PingOne Platform APIs

OIDC session management

You can manage user sessions per spec with OpenID Connect Session Management 1.0. This solution allows applications in background tabs to detect a change due to inactivity or a sign-off from a foreground tab and react accordingly.

After a successful authentication, a PingOne OpenID Provider (OP) session is created. The session state changes because of one of the following:

  • The user signs off as a result of a /as/signoff request or a SAML SLO request

  • The session times out

Applications in the same browser context can check user sessions regularly, and PingOne returns unchanged, changed, or error.

Requirements

  • The environment must be configured with a custom domain with applications accessible under the same main domain. For example, if the custom domain in PingOne is sso.example.local, applications must be in an accessible subdomain such as apps.example.local or www.example.com/app1.

  • Because the default idle timeout for a PingOne user session is 30 days, a DaVinci flow is required for a shorter timeout period.

  • A session that’s purged by the system or deleted as a result of a PingOne session API request will not trigger a changed response.

Application configuration

To enable OIDC session management, set the opSessionCheckEnabled property of an OIDC application to true. When enabled, PingOne includes the session_state parameter in the authorization response, which is an opaque value PingOne returns to the application to represent the user’s login state. For example, when using the authorization code grant type with query response mode, the authorization response contains <redirect_uri>?session_state=<sessionState>&code=<code>.

Note: Although the session_state parameter is spec-compliant, it is disabled by default. Applications that aren’t expecting session_state in the authorization response could return an error.

To return the session state, the application invokes the https://<customDomain>/as/checksession endpoint as the src property of the OP iframe.

<iframe id="op" src="https://auth.mydomain.com/as/checksession" width="0" height="0" frameborder="0"></iframe>.
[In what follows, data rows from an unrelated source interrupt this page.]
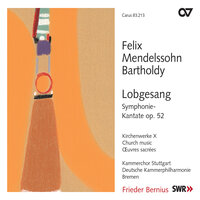 Mendelssohn: Symphony No. 2 in B-Flat Major, Op. 52, MWV A 18 "Hymn Of Praise" - X. Allegro non troppo "Ihr Völker, bringet her dem Herrn Ehre und Macht!" - The Deutsche Kammerphilharmonie Bremen & Frieder Bernius & Kammerchor Stuttgart & Феликс Мендельсон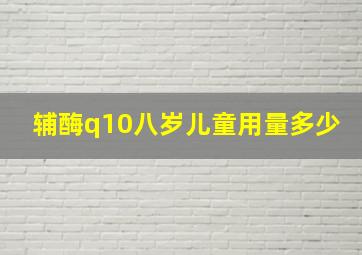 辅酶q10八岁儿童用量多少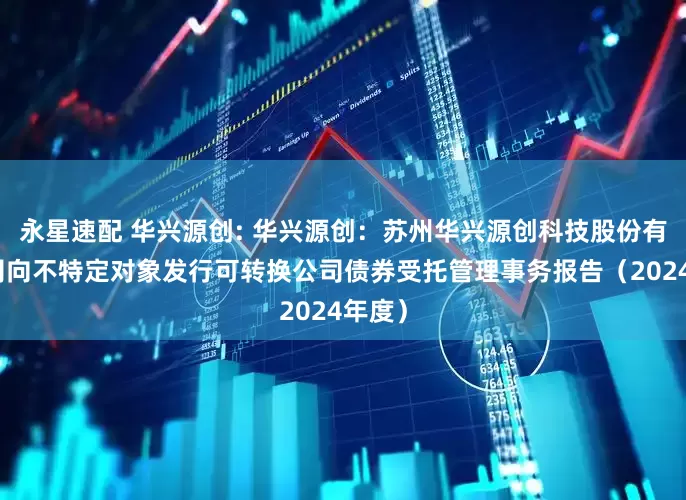 永星速配 华兴源创: 华兴源创：苏州华兴源创科技股份有限公司向不特定对象发行可转换公司债券受托管理事务报告（2024年度）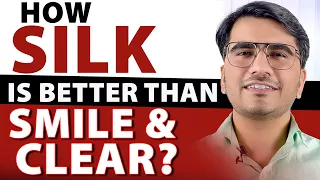 How's SiLK better than SMILE & CLEAR Eye Laser Surgery?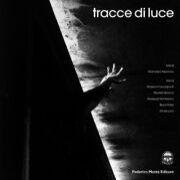 Tracce di luce. Ediz. illustrata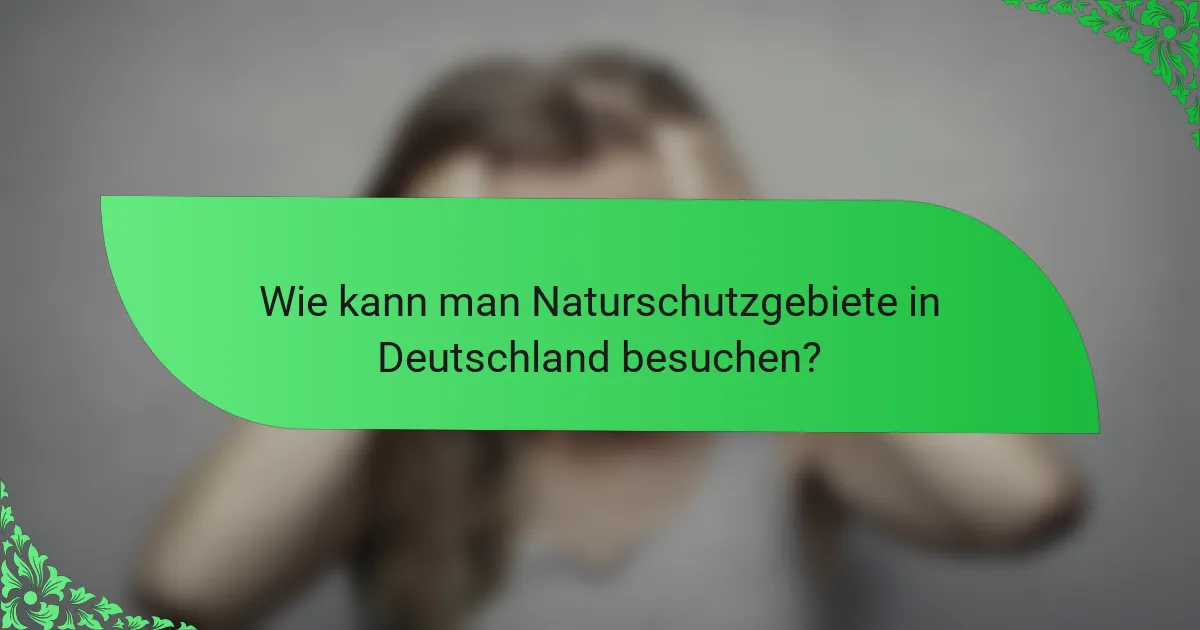 Wie kann man Naturschutzgebiete in Deutschland besuchen?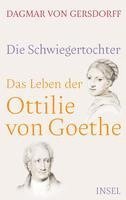 bokomslag Die Schwiegertochter. Das Leben der Ottilie von Goethe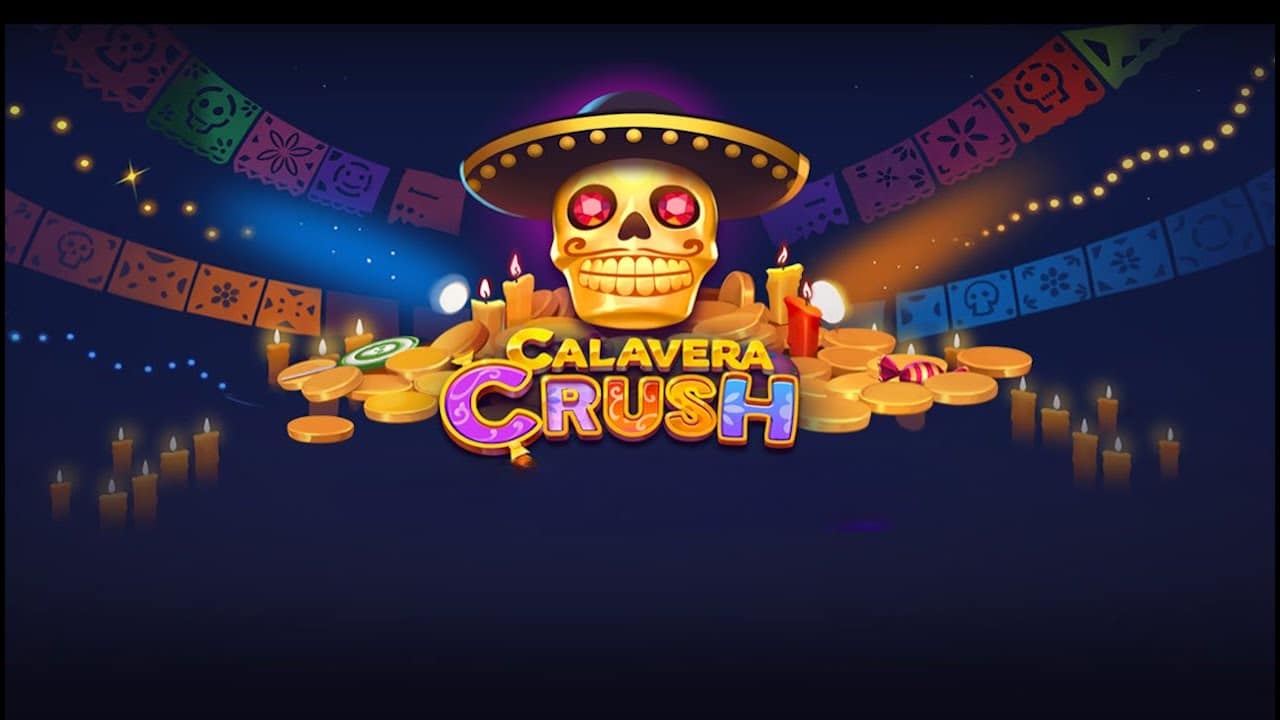 カラベラクラッシュ（Calavera Crush）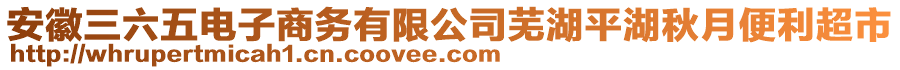 安徽三六五電子商務(wù)有限公司蕪湖平湖秋月便利超市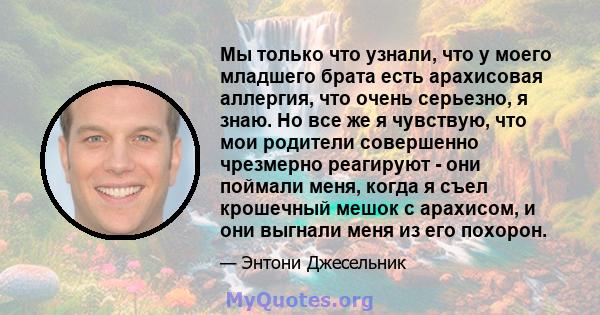 Мы только что узнали, что у моего младшего брата есть арахисовая аллергия, что очень серьезно, я знаю. Но все же я чувствую, что мои родители совершенно чрезмерно реагируют - они поймали меня, когда я съел крошечный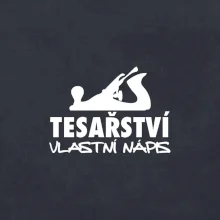 Tesařství - hoblík (vlastní nápis)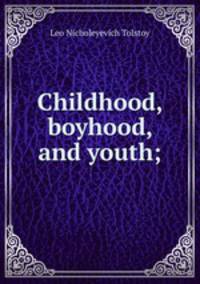 Childhood, boyhood, and youth;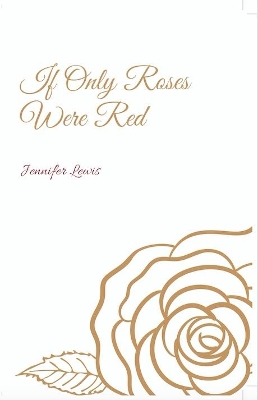 If Only Roses Were Red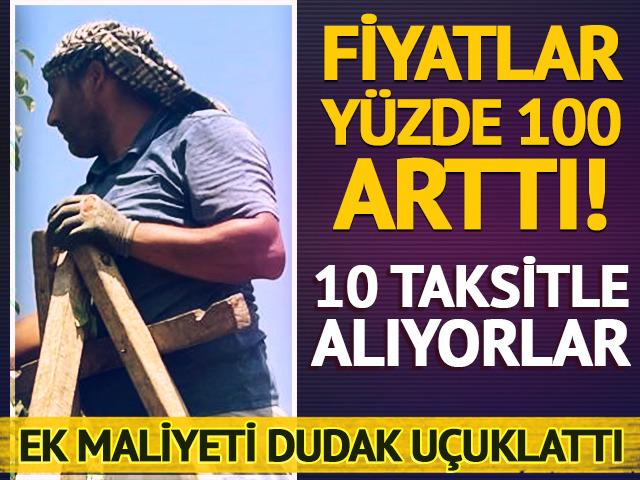 Fiyatlar yüzde 100 arttı! 10 taksitle alıyorlar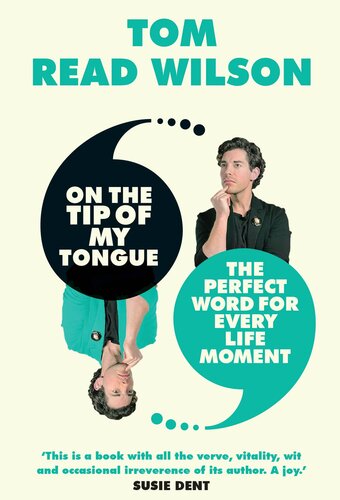 On the Tip of My Tongue: The perfect word for every life moment (PDF/EPUB Version)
The iframe returns changed if the value doesn’t match what’s passed from the relying party (RP), otherwise it returns unchanged. If no ST or OPUAS cookies are found, the iframe returns error.

DaVinci flow

To implement this capability, build a DaVinci flow and assign it to the relevant applications. Use the Return Success Response (Redirect Flows) node from the PingOne Authentication connector to return to PingOne. The following image demonstrates a sample flow.

DaVinci Flow 1

This flow checks whether a session exists. If so, it returns to PingOne. Otherwise, it prompts the user for authentication and returns to PingOne.

Typically, all Return Success Response nodes in the flow should use the same Idle Timeout value so that end users experience consistent sign-on and session behavior.